◆ **Problem to solve**:
When copying the data below, keep only the lines from the one with "Live cam show" through the one with "1515 Thornton Rd, Houston, TX", word for word, and skip the pictures.

◆ **Data for analysis**:

* * *

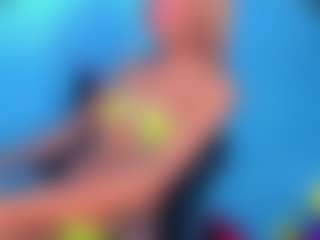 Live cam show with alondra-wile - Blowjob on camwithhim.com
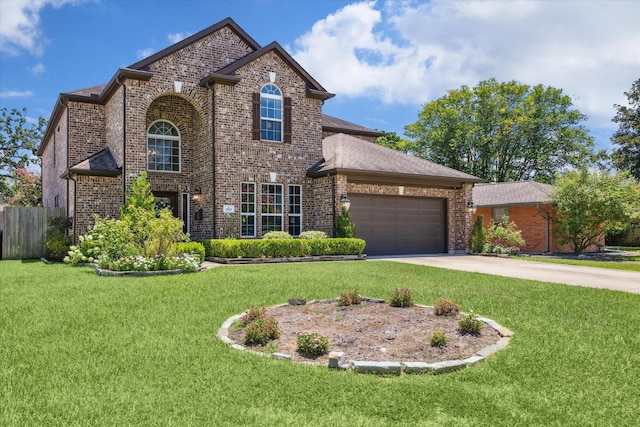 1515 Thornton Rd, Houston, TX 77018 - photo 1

* * *

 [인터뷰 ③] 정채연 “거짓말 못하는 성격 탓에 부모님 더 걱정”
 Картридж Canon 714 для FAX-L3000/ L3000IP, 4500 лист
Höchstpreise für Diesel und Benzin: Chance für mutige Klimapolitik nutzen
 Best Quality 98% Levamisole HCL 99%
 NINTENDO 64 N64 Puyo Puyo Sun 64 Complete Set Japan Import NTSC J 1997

* * *

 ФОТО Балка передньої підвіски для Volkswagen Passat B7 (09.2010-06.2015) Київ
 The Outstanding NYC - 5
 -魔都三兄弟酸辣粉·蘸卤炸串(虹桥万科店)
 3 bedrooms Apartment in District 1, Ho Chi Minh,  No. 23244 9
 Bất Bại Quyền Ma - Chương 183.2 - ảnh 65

* * *

◆ **Answer to the problem**:
 Live cam show with alondra-wile - Blowjob on camwithhim.com
 1515 Thornton Rd, Houston, TX 77018 - photo 1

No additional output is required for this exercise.